SYSTÈME DE GESTION Complaisance ou performance


SYSTÈME DE GESTION Complaisance ou performance

Il est de plus en plus courant de voir des organisations se faire certifier relativement à leur gestion de la santé et de la sécurité. Les certifications sont variées, mais s’équivalent sensiblement.

Marc-André Ferron

Que l’on considère OHSAS 18001, CSA Z1000, ou encore des certifications correspondant à des critères de gestion internes à de grandes corporations, les éléments d’évaluations sont sensiblement les mêmes.

Toutes ces certifications vous exigeront d’identifier vos risques, gérer vos exigences légales, d’avoir une politique en matière de santé et sécurité, un programme, un plan de communication, des définitions des rôles et responsabilités, un programme d’audits internes et j’en passe.
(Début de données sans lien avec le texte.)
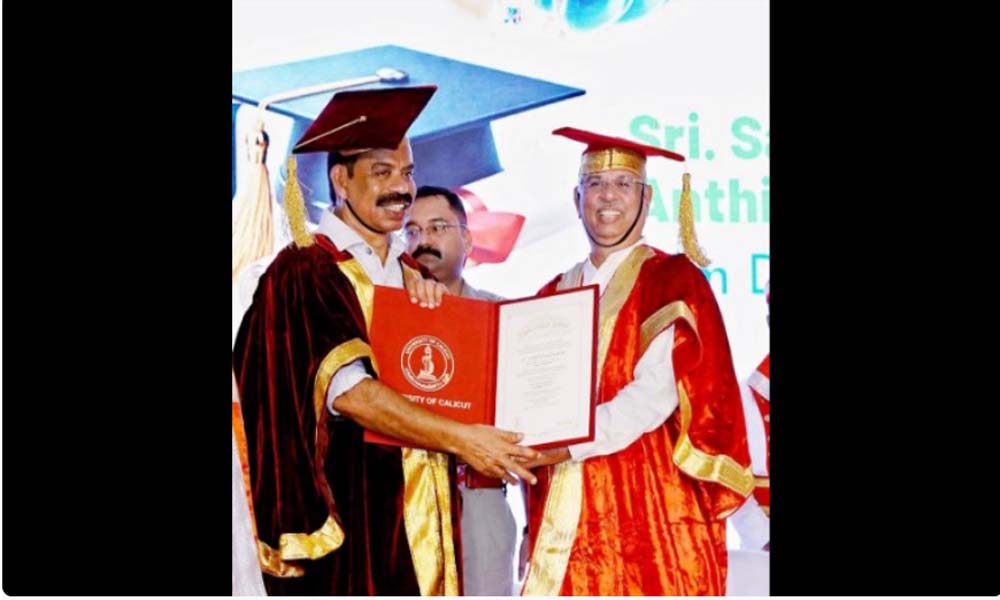  സ്വപ്നങ്ങളില്‍ പോലും ഇല്ലാതിരുന്ന അംഗീകാരം; ലിറ്റ് ബിരുദം ഏറ്റുവാങ്ങിയതിന്റെ സന്തോഷം പങ്കുവച്ച് സത്യന്‍ അന്തിക്കാട്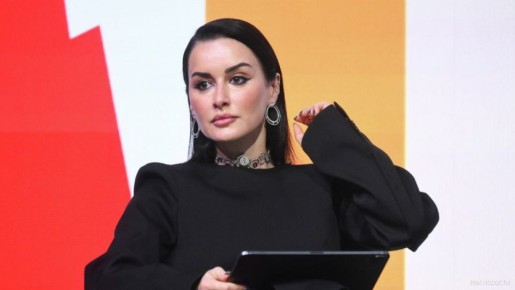 Владимир Путин наградил Тину Канделаки орденом Александра Невского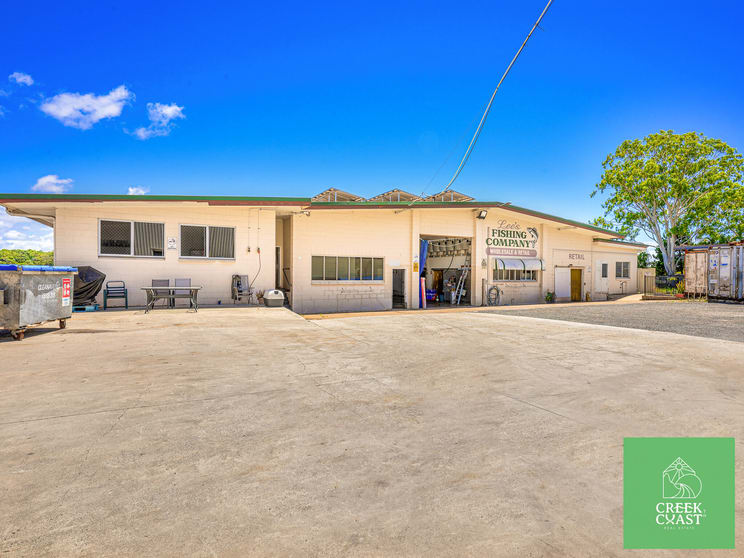 Click to view all images 4-7 Esplanade Tin Can Bay QLD 4580 - Image 2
Pourquoi les certifications sont-elles toutes semblables? La réponse est bien simple. La santé et la sécurité sont de la gestion des risques et on ne peut pas vraiment réinventer les principes de base de la gestion qui sont de planifier, organiser, diriger et contrôler.
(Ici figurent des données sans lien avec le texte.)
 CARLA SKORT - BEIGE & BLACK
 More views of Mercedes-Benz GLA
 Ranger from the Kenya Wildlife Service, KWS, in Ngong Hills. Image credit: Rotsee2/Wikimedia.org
Pourquoi une certification?

Si l’on fait déjà une saine gestion de la santé et de la sécurité, pourquoi serait-il pertinent de faire certifier votre système de gestion de la santé et de la sécurité. Il y a plusieurs raisons pour lesquelles une organisation pourrait arriver à prendre cette décision. En voici quelques-unes.

La noble cause

N’y a-t-il pas plus noble cause que la gestion de la santé et de la sécurité? J’entends par ceci, tout simplement d’éviter que les gens ne perdent leur vie à la gagner. Normalement, cela devrait être la motivation numéro un derrière les décisions en matière de santé et de sécurité.
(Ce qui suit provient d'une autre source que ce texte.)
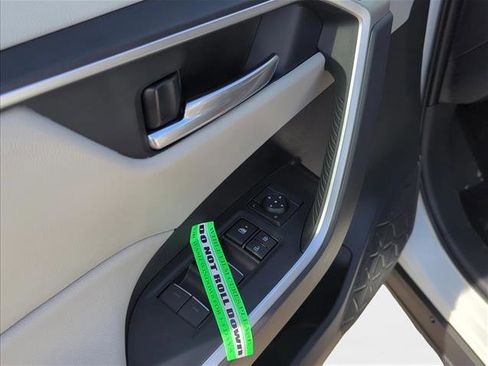 New 2025 Toyota RAV4 XLE image 11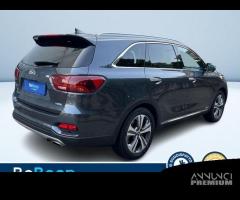 KIA Sorento 2.0 CRDI REBEL PREMIUM PACK AWD AUTO - 8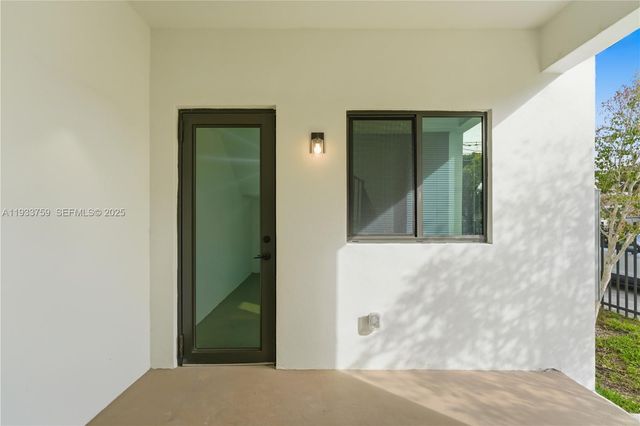 1393 NW 31st St A, Miami, FL 33142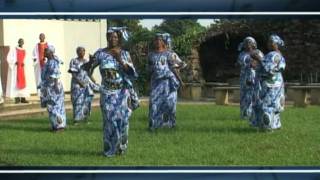 CHORALE SAINT ACHILLE DE MAKOUA MOSE BOFUNGI [upl. by Htebasyle]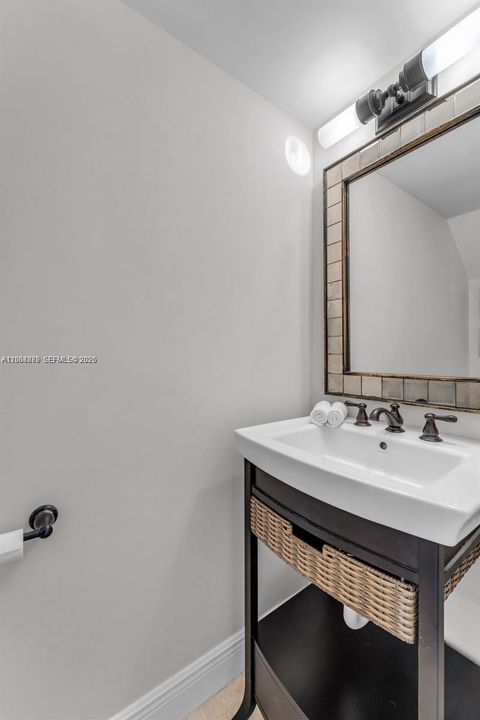For Rent: $3,100 (2 beds, 1 baths, 970 Square Feet)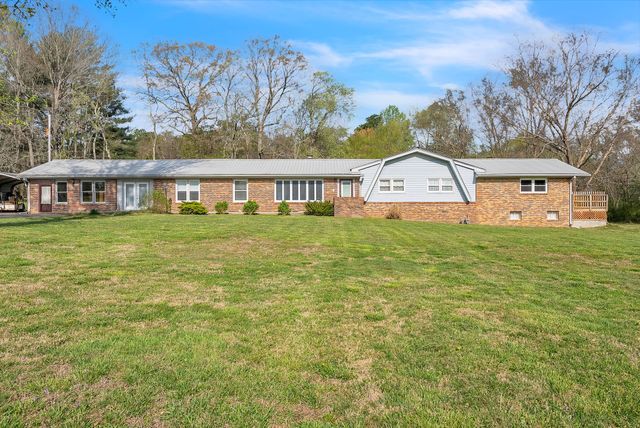 2209 E Lincoln St, Tullahoma, TN 37388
Le respect des normes les plus exigeantes au monde en matière de santé et de sécurité devrait donc pousser les entreprises à rehausser leurs standards, maximiser leurs efforts ainsi qu’à assurer une pérennité ainsi que l’amélioration de leurs performances.

Malheureusement cela n’est pas toujours le cas et je vous précise pourquoi dans quelques lignes.

Répondre à une exigence corporative

Dans un très grand nombre d’entreprises, la demande de faire certifier l’ensemble des sites provient des sièges sociaux qui, dans un désir de bien faire, demandent aux responsables de chacun de leurs sites de voir à l’implantation d’un système de gestion répondant à l’une ou l’autre de ces normes.

Encore une fois l’intention est des plus nobles. Toutefois les résultats sont souvent mitigés. Souvent, lorsque la directive corporative arrive, c’est le cauchemar pour les gestionnaires en poste qui ne voient qu’un fardeau supplémentaire provenant d’ils ne savent trop qui, dans un bureau lointain.

Pris devant cette demande aux délais souvent raccourcis, l’organisation confie la tâche d’implantation à un coordonnateur santé et sécurité qui, s’il ne démissionne pas, essaiera de se ruer vers un consultant qui le supportera dans l’implantation du système de gestion en question.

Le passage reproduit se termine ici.